The entries below contain a line with "Jan Vanderstorm Fleece-Sweatshirt" and a line with "0.69ct طبيعي أخضر". Retype exactly everything from the first down to the second, both included, and nothing else.

§ SUPPLIED DATA

━━━━

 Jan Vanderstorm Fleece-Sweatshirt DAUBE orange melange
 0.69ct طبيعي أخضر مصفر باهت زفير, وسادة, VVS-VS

━━━━

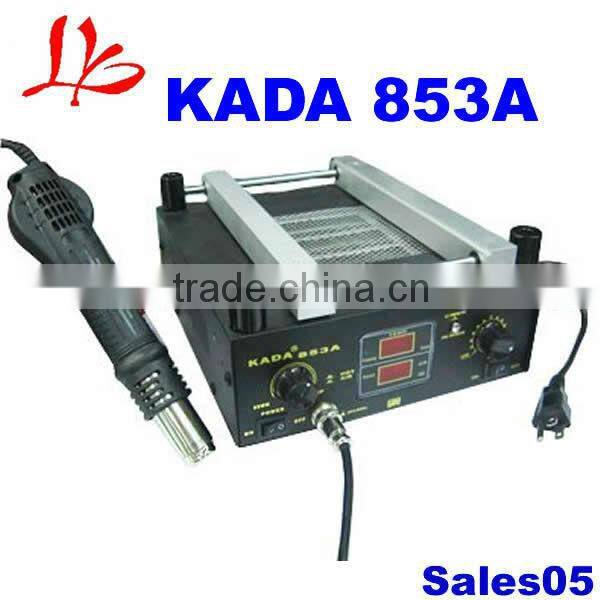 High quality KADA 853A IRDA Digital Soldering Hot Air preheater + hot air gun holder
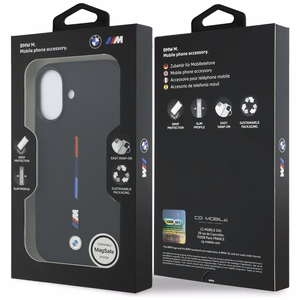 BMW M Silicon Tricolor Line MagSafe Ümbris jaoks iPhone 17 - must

━━━━

§ FINISHED TASK
 Jan Vanderstorm Fleece-Sweatshirt DAUBE orange melange
 0.69ct طبيعي أخضر مصفر باهت زفير, وسادة, VVS-VS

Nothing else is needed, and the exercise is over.